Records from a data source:

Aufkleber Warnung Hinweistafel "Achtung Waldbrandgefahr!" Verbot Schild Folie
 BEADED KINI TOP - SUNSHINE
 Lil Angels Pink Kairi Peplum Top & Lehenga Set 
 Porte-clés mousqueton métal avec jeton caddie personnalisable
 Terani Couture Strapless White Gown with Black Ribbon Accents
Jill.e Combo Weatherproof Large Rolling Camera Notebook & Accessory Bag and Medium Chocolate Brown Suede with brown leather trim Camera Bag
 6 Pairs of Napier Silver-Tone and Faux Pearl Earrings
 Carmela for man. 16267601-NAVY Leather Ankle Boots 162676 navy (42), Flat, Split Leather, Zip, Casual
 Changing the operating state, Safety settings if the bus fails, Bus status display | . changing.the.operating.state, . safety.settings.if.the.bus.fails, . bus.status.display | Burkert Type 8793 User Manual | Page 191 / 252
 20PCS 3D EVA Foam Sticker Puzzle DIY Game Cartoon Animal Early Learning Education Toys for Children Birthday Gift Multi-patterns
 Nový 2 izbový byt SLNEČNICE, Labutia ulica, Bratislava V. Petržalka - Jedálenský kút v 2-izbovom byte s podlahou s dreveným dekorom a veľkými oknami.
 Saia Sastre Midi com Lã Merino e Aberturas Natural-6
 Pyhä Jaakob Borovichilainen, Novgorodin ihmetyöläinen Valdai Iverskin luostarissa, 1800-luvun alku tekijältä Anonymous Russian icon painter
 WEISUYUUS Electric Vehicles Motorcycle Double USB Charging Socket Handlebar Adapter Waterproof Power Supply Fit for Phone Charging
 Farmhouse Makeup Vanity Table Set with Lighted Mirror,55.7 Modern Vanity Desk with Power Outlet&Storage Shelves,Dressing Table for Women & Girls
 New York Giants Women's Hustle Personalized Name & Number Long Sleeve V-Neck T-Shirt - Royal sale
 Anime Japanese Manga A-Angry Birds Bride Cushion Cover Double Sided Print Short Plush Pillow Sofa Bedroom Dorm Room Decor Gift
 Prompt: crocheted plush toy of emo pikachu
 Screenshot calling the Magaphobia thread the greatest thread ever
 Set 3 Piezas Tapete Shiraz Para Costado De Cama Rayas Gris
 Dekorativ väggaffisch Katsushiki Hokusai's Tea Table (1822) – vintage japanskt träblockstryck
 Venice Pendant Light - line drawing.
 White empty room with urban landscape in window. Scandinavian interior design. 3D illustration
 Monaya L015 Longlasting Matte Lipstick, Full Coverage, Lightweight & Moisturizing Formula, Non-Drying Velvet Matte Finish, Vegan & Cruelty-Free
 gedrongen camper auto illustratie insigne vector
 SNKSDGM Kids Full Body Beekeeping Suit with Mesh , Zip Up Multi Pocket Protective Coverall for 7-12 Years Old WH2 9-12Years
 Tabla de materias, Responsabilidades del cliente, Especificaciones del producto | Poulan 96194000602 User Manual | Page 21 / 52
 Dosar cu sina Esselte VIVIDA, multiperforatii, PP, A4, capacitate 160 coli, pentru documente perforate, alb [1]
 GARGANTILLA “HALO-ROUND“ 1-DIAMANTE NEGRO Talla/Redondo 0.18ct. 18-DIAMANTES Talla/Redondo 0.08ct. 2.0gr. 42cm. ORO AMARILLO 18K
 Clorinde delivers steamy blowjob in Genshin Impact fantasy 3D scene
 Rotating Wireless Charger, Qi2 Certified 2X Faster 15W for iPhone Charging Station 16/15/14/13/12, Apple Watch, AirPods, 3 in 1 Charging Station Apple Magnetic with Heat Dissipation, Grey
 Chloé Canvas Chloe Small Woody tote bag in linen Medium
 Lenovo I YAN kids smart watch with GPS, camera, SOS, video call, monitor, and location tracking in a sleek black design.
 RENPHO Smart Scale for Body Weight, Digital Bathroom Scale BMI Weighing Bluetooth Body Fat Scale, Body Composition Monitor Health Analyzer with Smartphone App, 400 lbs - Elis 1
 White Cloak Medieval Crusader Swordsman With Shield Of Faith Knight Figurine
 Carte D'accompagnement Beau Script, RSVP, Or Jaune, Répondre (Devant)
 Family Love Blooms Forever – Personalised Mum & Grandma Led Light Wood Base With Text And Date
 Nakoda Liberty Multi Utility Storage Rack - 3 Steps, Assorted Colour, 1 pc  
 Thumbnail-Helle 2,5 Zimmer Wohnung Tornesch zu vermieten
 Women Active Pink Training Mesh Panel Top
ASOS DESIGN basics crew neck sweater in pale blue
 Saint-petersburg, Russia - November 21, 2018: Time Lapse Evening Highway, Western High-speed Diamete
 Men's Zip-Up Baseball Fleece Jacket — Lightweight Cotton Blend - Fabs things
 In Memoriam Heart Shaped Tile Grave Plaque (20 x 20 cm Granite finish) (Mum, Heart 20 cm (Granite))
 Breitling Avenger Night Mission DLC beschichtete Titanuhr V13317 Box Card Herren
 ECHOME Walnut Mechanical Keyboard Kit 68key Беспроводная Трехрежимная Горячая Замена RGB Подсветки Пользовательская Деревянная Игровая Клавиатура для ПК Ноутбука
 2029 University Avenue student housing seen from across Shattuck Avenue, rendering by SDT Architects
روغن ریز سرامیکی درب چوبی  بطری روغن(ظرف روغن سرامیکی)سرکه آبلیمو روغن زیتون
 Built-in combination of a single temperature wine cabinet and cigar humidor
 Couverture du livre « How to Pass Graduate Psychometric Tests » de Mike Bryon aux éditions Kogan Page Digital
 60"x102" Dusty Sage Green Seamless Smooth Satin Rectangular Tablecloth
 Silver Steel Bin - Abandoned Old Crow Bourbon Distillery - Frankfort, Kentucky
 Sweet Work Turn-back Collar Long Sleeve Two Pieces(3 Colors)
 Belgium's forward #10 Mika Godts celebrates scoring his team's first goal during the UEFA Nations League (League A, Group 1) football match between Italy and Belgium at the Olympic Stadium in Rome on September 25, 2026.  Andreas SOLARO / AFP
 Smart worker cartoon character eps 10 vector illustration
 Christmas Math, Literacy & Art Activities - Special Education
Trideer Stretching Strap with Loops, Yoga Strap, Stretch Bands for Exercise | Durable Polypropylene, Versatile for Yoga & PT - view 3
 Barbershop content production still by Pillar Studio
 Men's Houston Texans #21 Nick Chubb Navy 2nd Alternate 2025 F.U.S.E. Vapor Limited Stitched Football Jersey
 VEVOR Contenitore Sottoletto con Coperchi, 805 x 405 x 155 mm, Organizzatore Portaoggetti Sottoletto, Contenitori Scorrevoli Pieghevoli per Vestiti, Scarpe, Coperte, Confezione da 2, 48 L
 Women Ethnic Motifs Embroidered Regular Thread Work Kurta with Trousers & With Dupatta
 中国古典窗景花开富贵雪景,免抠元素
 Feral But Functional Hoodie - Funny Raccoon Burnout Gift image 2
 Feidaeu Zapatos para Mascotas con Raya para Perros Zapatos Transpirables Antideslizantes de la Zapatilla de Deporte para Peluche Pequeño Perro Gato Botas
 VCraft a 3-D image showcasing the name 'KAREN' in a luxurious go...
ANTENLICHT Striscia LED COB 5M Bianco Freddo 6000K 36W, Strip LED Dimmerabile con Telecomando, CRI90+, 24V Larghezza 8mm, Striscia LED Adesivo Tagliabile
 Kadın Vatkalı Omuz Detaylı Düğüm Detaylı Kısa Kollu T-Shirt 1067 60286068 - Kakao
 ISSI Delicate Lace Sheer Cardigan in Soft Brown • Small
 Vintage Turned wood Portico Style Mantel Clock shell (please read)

Task directions:
Would you retype exactly the lines above, from the line with "Farmhouse Makeup Vanity" to the line with "Prompt: crocheted plush toy of emo pikachu", with both end lines kept and nothing more?

Solved problem:
 Farmhouse Makeup Vanity Table Set with Lighted Mirror,55.7 Modern Vanity Desk with Power Outlet&Storage Shelves,Dressing Table for Women & Girls
 New York Giants Women's Hustle Personalized Name & Number Long Sleeve V-Neck T-Shirt - Royal sale
 Anime Japanese Manga A-Angry Birds Bride Cushion Cover Double Sided Print Short Plush Pillow Sofa Bedroom Dorm Room Decor Gift
 Prompt: crocheted plush toy of emo pikachu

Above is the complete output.